Domino/Notes Path to NextGen
In the Domino/Notes arena, Lotus will try to ease the transition for administrators by providing a gradual migration path, according to Kounadis. "Domino and Notes are a parallel path to NextGen. You won't have to 'rip and replace,'" he asserted.
Following a 6.01 maintenance release during the first two weeks of February, Lotus will produce R6.5 in the second half of this year and another release in the second half of 2004. The product pegged for 2004 will add DB2 support as an "alternative data source" to the long-standing NSF.
Many Domino/Notes customers wait until the first maintenance release before upgrading, Kounadis pointed out. Last October, Lotus released a SIP/SIMPLE gateway for crossplatform instant messaging that was originally planned for R6, which initially shipped in August. Along with several other features, the gateway was delayed because IBM didn't deem it ready to go out the door yet.
The February maintenance release contains a variety of bug fixes as well as the remaining capabilities that were initially left out of R6. These include the ability to read Notes encrypted from iNotes, iNotes server support on Linux, and a new feature called "single copy template."
Single copy template is supposed to lower disk space consumption when templates are copied between machines. Instead of a full copy of the template, a pointer is created, according to Kounadis.
The maintenance release also rounds out support for roaming users, he said. "The roaming user feature was 'in' R6, but we didn't officially support it yet. We told people they could try it out."
"Roaming user" lets end users log into their Notes desktops from any PC, without needing to have Notes ID software installed on their machines. The capability is targeted at companies with "hot desktops" -- where several end users share the same PC -- as well as at on-the-road workers. "All the user needs to do is type in the user ID and password. That's it."
Lotus Notes R6.5
In the subsequent R6.5, Lotus will add vLinux for server consolidation, full XMIME support through IMAP, and improved integration with Lotus Sametime and Microsoft Office.

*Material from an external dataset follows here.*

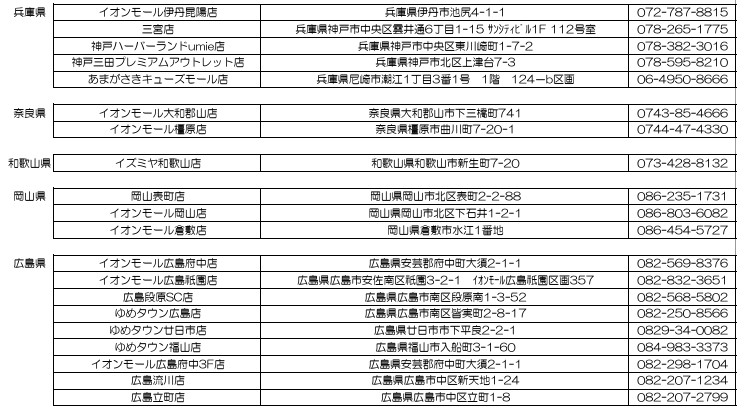 兵庫県/奈良県/和歌山県/岡山県/広島県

Also planned for version 6.5 is client-side Linux support. "You'll be able to run iNotes in a Mozilla browser," according to Kounadis.
The new release targeted at 2004 will offer the option of DB2 support for several interrelated reasons. Chiefly, he said, DB2 will act as a "bridge to NextGen, through use of the same repository."
"Users' day-to-day inboxes won't change. Yet, you'll be able to leverage the power of DB2." DB2 offers greater scalability than NSF, according to Kounadis. "We can also do things with DB2 -- such as grouping and aggregating data -- that we can't do with NSF."
To spur ports of existing Notes applications to NextGen, Lotus has also unveiled a new development tool called Domino Toolkit for WebSphere Studio. Currently in beta, the toolkit is expected to be available with Lotus Domino Designer in the second quarter of this year. "It has the look and feel of Designer, yet it lets you render pages in J2EE," Kounadis said.